As the world saw journalist Yvonne Ridley emerge from a car at the border with Pakistan after ten days in captivity, her friends from the regional press around Britain also watched the story unfold.

The 43-year-old mum was seized by the Taliban authorities after she entered eastern Afghanistan from Pakistan without a visa.

Rumours quickly spread that she was to be put on trial for illegal entry or even for spying.

  • Due home today
  • She told the Daily Express after her release by the Taliban: “The only way I could exercise any right – because as a prisoner I had no rights – was by not eating and that really upset them, which encouraged me.”

    And she told reporters that one of her lowest moments was missing her daughter Daisy’s ninth birthday.

    She started her career at the Stanley News – a weekly paper in County Durham, and had two stints on the Northern Echo and Sunday Sun, as well as working on the Newcastle Journal and Wales on Sunday.

    Her career on the nationals has taken in the Sunday Express, Independent on Sunday, The Observer and News of the World.

    Neil McKay, of the The Journal, worked with Yvonne on the Sunday Sun for five years in the 1980s.

    They are still in touch, speaking quite regularly on the phone.

    Neil said: “I think she will have coped pretty well. Look at the way her mum has coped with all the media attention – she’s 74 – she has coped amazingly well, and Yvonne is a chip off the old block.

    “Once, when we were both working on the Sunday Sun, she had gone out to lunch and came back looking a bit dishevelled.

    “She had seen a man beating up his wife in the shopping centre and had split them up and sent him away with a flea in his ear. She has a sense of courage and a sense of right and wrong.”
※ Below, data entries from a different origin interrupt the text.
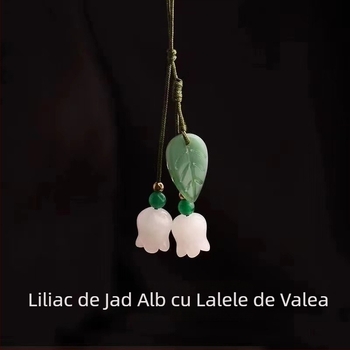 Șnur pentru telefon mobil – pandantiv din plastic, lucrat manual, unisex, cataramă din plastic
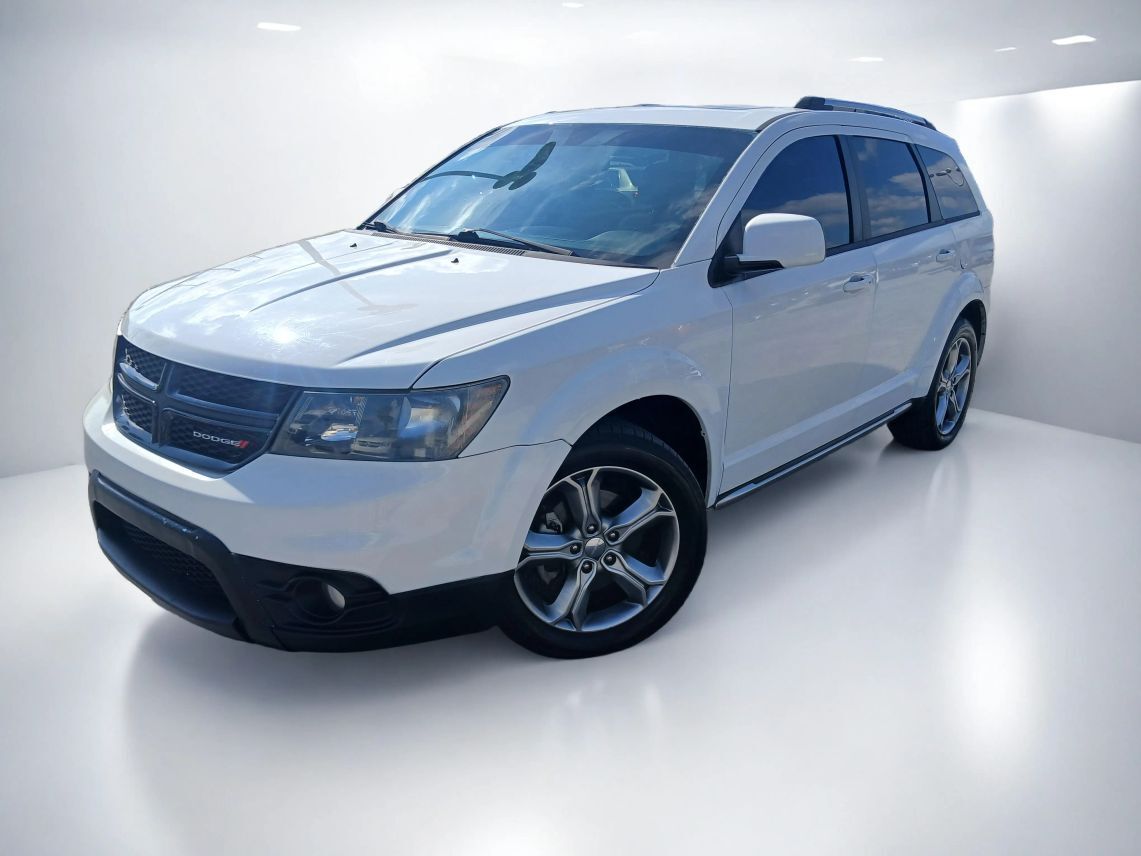 2017 Dodge Journey Crossroad Sport Utility 4D
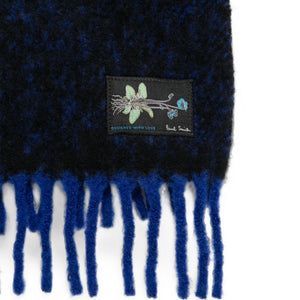 Paul Smith Scarfs ROYAL BLUE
    Helen Carter, formerly of the Lincolnshire Echo and now with The Guardian, worked with Yvonne when they were at the News of the World together.
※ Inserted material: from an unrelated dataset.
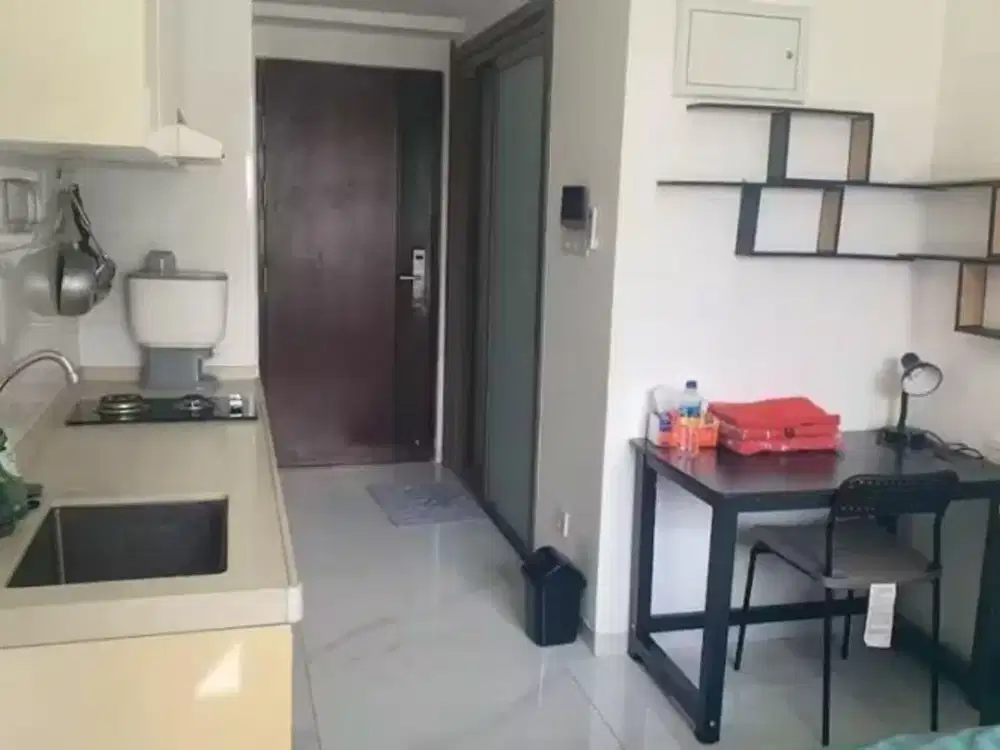 Disewakan Skyhouse Studio Furnished Dekat Aeon Mal Bsd Tangerang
    Helen said: “She’s very resilient and has a strong sense of self-preservation. It doesn’t surprise me at all that she went on hunger strike.

    “The pressure to do what she did was tremendous. As soon as it was reported that John Simpson had got in, all their mobiles went off with the editors asking why they weren’t there too.
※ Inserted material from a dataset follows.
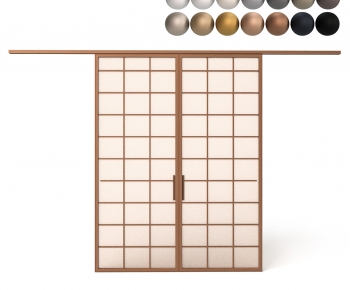 New Chinese Style Sliding Door-ID:230796104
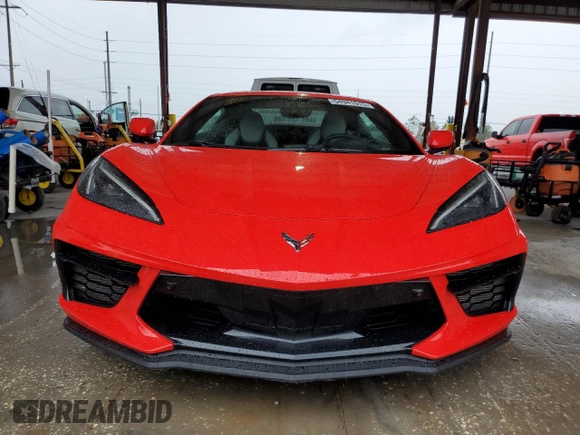 2020 Chevrolet Corvette 2LT с VIN 1G1Y73D46L5112962, выставлен на аукционе Copart как лот 54941015 с пробегом 3 423 миль миль и Списание • Salvage title. История ставок и продаж доступна на DreamBid. Изображение 5.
    “Yvonne has worked in Northern Ireland and the Middle East so she knows what she’s doing and how to handle herself.

    “She looked absolutely haunted on her release – but she would if she’s been on hunger strike, and when she said she was ‘fine’ she looked absolutely drained.

    “Just because she’s a single parent she has been accused of being reckless. But her daughter knows how important her job is to her – she’s cool about it.

    “And although her family live in the north east she’s very close to them.

    “Most of all she’s a brilliant friend, very loyal and doesn’t ask for anything in return for that friendship.”

    Yvonne was expected to fly back to Britain today for a homecoming party with her family.